Here are my qualifications for supporting my position:
- I am a man
- I attended co-ed elementary, middle school and college
- I attended a 4yr all-boys prep school (high school)
- I have a 4yr old son
- I was once an adolescent boy and act like one from time to time today, just ask my wife 😉
- I am not a ‘professional’ teacher or psychologist.
- I have a degree in anthropology and have studied sociology.
- I am a man
Can we agree?
I am not going to present you with a pile of research that clearly states that boys and girls learn differently. Let’s agree on that.
Boys get in trouble
Boys are often fidgety, disruptive and distracted in the classroom. That is the complaint I hear from teachers and fellow parents. “He just can’t sit still!” or “He’s very intelligent but he’s easily distracted” Here’s description that my parents heard hundreds of times; “He’d make better grades if he would just apply himself.” There are a few exceptions but this is the general theme we’ve heard for decades. Boys get into more trouble than girls. The problem is exacerbated when teenage boys reach puberty and bodies are drenched in testosterone.
Fix the boy – Not the Answer
For the last 50 years society’s answer has been to ‘fix the boy’. This is done in a variety of ways including harsh discipline and prescription drugs aimed at changing behavior. There is evidence that this strategy is effective in some cases (short term). But, long-term it is futile. If the discipline and/or drugs are removed, the boy defaults back to his natural state (undesired). Or worse, the discipline becomes ineffective, causing anger or he becomes dependent on chemicals.
Fix the school – the Answer
What if we sent our boys and girls to the same school but not the same classes? Remember, we agree that boys learn differently from girls. Why doesn’t our educational system reflect this?
I can speak for most males when I say that when I was a young adolescent in middle-school classes with females, the LAST thing on my hormone driven, overactive mind was learning math or science. I was more interested in ‘learning’ about girls and making sure I captured their attention by any means necessary (including but not limited to disrupting class, horsing around, etc).
The All Boys Advantage:
When I began classes at an all-boys prep school in Connecticut, I responded to a teaching style was completely different than I had ever experienced.
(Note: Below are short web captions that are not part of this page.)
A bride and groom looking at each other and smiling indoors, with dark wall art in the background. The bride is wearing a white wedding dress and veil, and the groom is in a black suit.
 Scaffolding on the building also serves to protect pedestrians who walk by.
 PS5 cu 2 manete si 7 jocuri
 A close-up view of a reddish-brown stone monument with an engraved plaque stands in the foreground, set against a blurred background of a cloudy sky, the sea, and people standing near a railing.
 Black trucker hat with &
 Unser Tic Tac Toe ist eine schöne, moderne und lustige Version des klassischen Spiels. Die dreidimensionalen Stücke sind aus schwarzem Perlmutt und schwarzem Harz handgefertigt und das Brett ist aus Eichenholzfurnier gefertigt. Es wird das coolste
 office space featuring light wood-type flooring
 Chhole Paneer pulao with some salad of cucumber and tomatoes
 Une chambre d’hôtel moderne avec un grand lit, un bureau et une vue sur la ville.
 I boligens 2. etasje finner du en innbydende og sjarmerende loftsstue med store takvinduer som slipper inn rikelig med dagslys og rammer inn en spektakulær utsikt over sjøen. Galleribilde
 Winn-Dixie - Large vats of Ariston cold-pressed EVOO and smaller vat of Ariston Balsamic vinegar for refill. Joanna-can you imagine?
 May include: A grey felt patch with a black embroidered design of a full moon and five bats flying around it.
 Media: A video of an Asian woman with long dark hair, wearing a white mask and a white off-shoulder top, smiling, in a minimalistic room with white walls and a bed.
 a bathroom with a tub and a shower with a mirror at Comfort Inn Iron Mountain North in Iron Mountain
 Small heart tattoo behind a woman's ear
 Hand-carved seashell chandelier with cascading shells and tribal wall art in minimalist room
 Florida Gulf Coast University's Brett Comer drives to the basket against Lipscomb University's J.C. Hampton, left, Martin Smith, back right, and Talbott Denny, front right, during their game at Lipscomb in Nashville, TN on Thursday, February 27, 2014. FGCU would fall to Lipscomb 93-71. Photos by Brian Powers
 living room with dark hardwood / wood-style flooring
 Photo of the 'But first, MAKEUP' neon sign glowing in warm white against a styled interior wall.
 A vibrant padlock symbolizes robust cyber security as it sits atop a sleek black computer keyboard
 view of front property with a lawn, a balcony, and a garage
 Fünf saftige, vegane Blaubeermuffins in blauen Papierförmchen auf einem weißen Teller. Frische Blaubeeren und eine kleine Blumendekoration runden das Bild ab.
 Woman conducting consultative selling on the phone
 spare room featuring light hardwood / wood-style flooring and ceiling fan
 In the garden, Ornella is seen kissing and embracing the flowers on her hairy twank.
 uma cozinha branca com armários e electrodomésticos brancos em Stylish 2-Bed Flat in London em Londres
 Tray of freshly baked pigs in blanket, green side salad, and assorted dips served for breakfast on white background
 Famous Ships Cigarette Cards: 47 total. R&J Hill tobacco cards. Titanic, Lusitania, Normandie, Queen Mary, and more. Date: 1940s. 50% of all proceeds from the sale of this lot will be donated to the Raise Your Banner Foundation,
There was no one to impress. So, I saved my antics for the weekends when girls were around campus. I found that I actually liked to learn. Teachers used the surrounding environment as a classroom. A teacher may take his literature class outside to a place on campus called the ‘Black Forrest’ and read portions of the Emerson or Robert Frost. A Physics class may be held on the basket ball courts. For a boy, American history is learned on a battle field rather than in a classroom. I know most schools don’t have these resources but boys learn through activities, competition and visual experience.
I know several women who attended all-girl schools. Their stories have the same thread running through them. There were no boys in class to impress or worry about. In either case, I have yet to meet anyone who experienced a single-sex education who believed that their education would have been better if the opposite sex was present in the classroom.
My college experience along with many conversations with men and women about this subject solidify my position. Girls and boys would be better served by putting them in separate classrooms at our schools.
We should shoot our sacred cows. There are a hand full of schools implementing this old way of educating and seeing positive results.
Why not give it a try? (Because what we’re doing is not working)
I may have strongly disliked the girls at my all girls high school, but my education was far better without boys present. I wouldn’t have traded or chosen any different of a learning environment.
Thanks for commenting. I’ve heard similar stories ( from men and women)
where they did not particularly like the majority of people in their
school. However, this occurs regardless of single-sex or co-ed. It’s a
culture thing within the school that develops, I think.